The OpenCL spec defines three different features which in various ways seem to resemble CUDA’s constant memory. When creating a buffer, you can pass the CL_MEM_READ_ONLY flag. Alternatively, when declaring the input arguments to a kernel, you can mark a pointer as “__constant”, or as “const __global”. The spec is extremely vague on what each of these is supposed to do. What is the actual effect of each of them? Which one or ones most closely correspond to CUDA’s constant memory?
It is my understanding that arguments to a kernel preceded by ‘__constant’ will be placed in CUDA’s constant memory. Declaring it with just ‘const’ along with another address space qualifiers, such as ‘__global’, is only to tell the compiler that the kernel will not change the contents of the memory buffer. The data will remain in the global memory. The specification has the following to say about CL_MEM_READ_ONLY
“This flag specifies that the memory object is a read-only
memory object when used inside a kernel.
Writing to a buffer or image object created with
CL_MEM_READ_ONLY inside a kernel is undefined.”
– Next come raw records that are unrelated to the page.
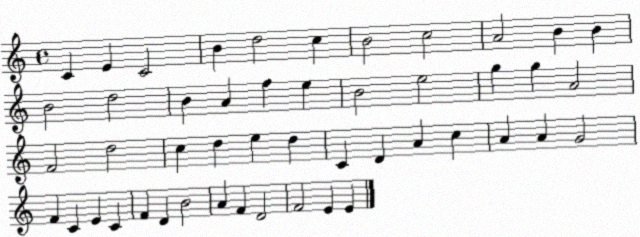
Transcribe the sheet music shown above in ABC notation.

X:1
T:Untitled
M:4/4
L:1/4
K:C
C E C2 B d2 c B2 c2 A2 B B B2 d2 B A f e B2 e2 g g A2 F2 d2 c d e d C D A c A A G2 F C E C F D B2 A F D2 F2 E E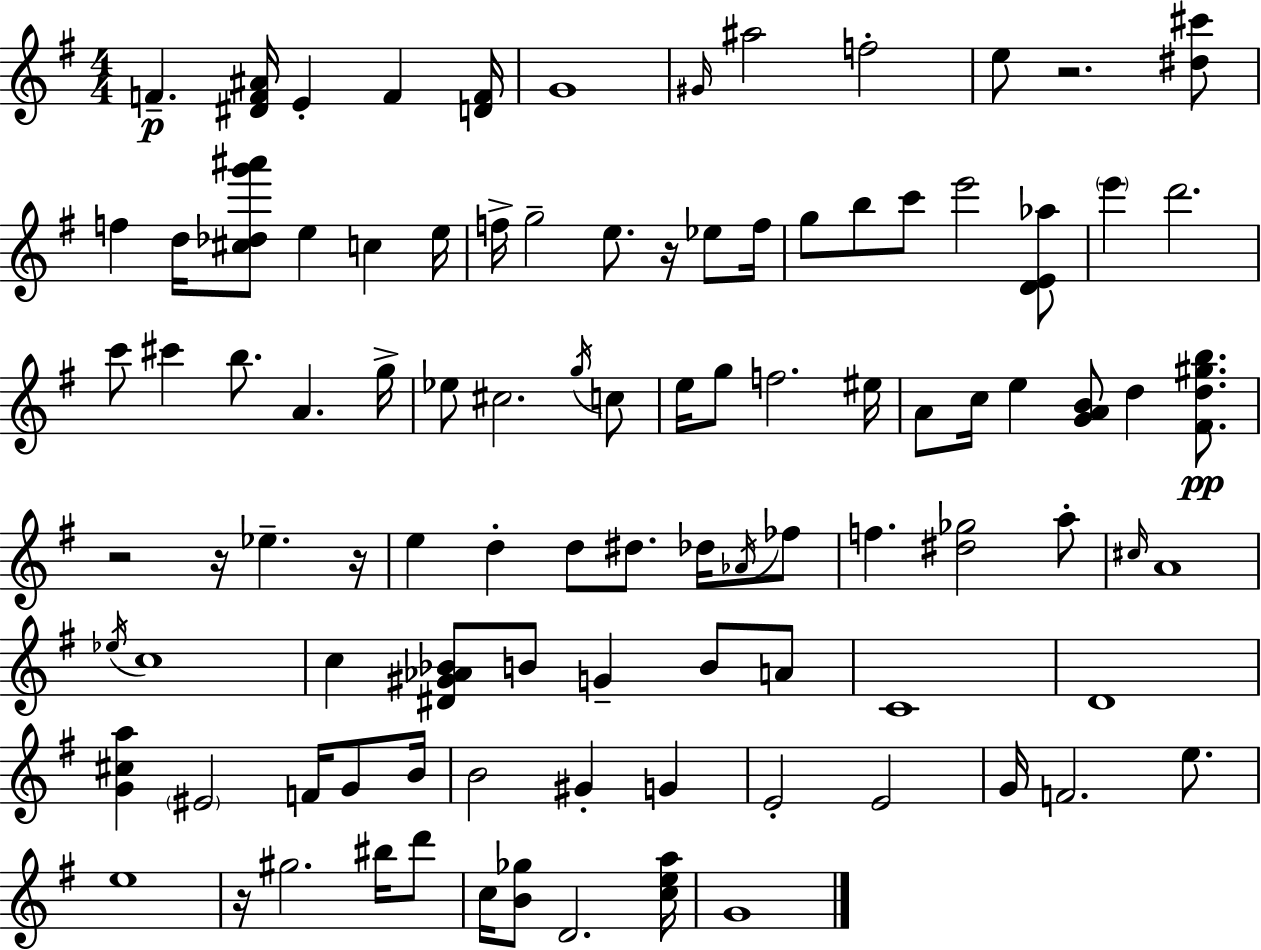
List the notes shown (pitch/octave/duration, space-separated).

F4/q. [D#4,F4,A#4]/s E4/q F4/q [D4,F4]/s G4/w G#4/s A#5/h F5/h E5/e R/h. [D#5,C#6]/e F5/q D5/s [C#5,Db5,G6,A#6]/e E5/q C5/q E5/s F5/s G5/h E5/e. R/s Eb5/e F5/s G5/e B5/e C6/e E6/h [D4,E4,Ab5]/e E6/q D6/h. C6/e C#6/q B5/e. A4/q. G5/s Eb5/e C#5/h. G5/s C5/e E5/s G5/e F5/h. EIS5/s A4/e C5/s E5/q [G4,A4,B4]/e D5/q [F#4,D5,G#5,B5]/e. R/h R/s Eb5/q. R/s E5/q D5/q D5/e D#5/e. Db5/s Ab4/s FES5/e F5/q. [D#5,Gb5]/h A5/e C#5/s A4/w Eb5/s C5/w C5/q [D#4,G#4,Ab4,Bb4]/e B4/e G4/q B4/e A4/e C4/w D4/w [G4,C#5,A5]/q EIS4/h F4/s G4/e B4/s B4/h G#4/q G4/q E4/h E4/h G4/s F4/h. E5/e. E5/w R/s G#5/h. BIS5/s D6/e C5/s [B4,Gb5]/e D4/h. [C5,E5,A5]/s G4/w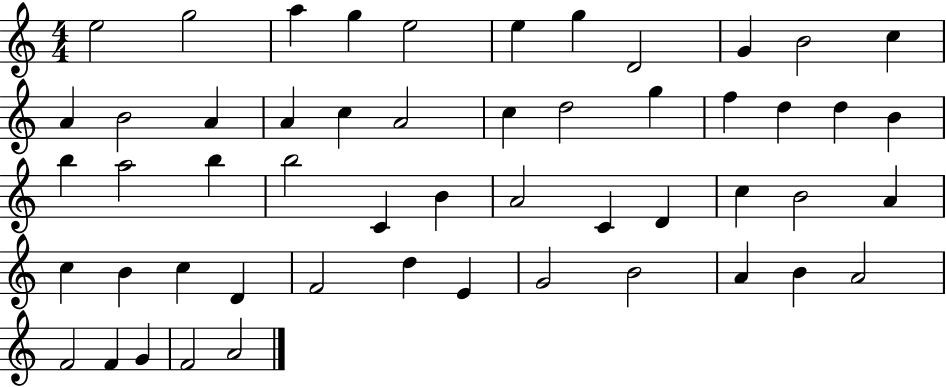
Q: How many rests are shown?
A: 0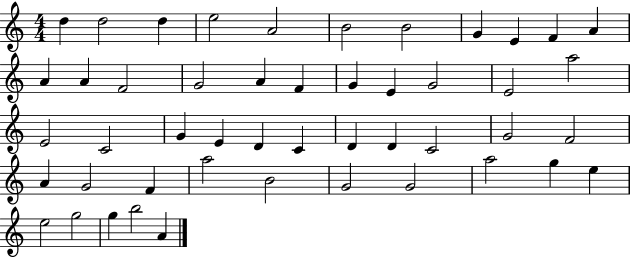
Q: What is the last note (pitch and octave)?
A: A4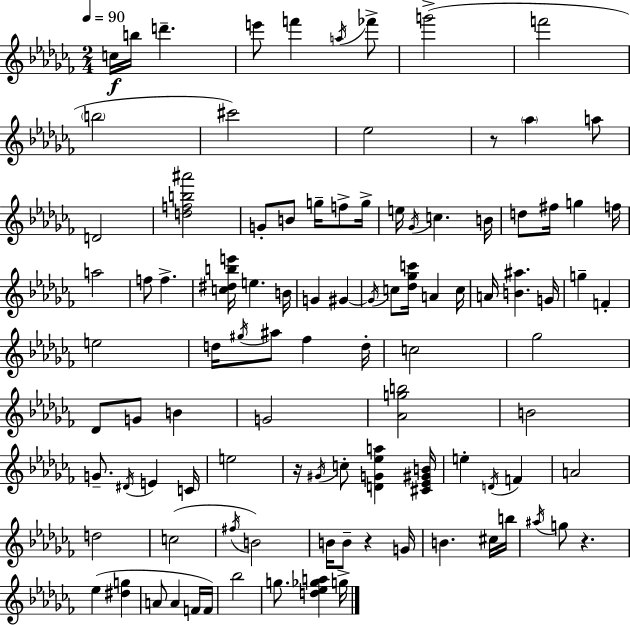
X:1
T:Untitled
M:2/4
L:1/4
K:Abm
c/4 b/4 d' e'/2 f' a/4 _f'/2 g'2 f'2 b2 ^c'2 _e2 z/2 _a a/2 D2 [dfb^a']2 G/2 B/2 g/4 f/2 g/4 e/4 _G/4 c B/4 d/2 ^f/4 g f/4 a2 f/2 f [c^dbe']/4 e B/4 G ^G ^G/4 c/2 [_d_gc']/4 A c/4 A/4 [B^a] G/4 g F e2 d/4 ^g/4 ^a/2 _f d/4 c2 _g2 _D/2 G/2 B G2 [_Agb]2 B2 G/2 ^D/4 E C/4 e2 z/4 ^G/4 c/2 [DG_ea] [^C_E^GB]/4 e D/4 F A2 d2 c2 ^f/4 B2 B/4 B/2 z G/4 B ^c/4 b/4 ^a/4 g/2 z _e [^dg] A/2 A F/4 F/4 _b2 g/2 [d_e_ga] g/4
Not sure what this really means for a particular implementation on a particular device.
Can anyone from Nvidia provide an authoritative answer to this? I already know what the spec says about each of these features. I’m asking how they actually are implemented on Nvidia GPUs. What do I need to do if I want a piece of information to be stored in the GPU’s constant memory pool?
I’ve also been told by someone at AMD that they plan to implement “const __global” to load the data through the texture cache. Will Nvidia do something similar?
Specifying “__constant” is the only way to guarantee data is stored in GPU constant memory.
I don’t think it would be possible to map “const __global” to constant memory in general because of the limited size of the constant cache.
Reading linear memory through texture is also limited to 2^27 elements, so I’m not sure we could read “const __global” through texture in the general case either.
“__constant” is specified in the kernel - that is, at the time you access the data. How does it know to store that data in constant memory rather than global memory in the first place?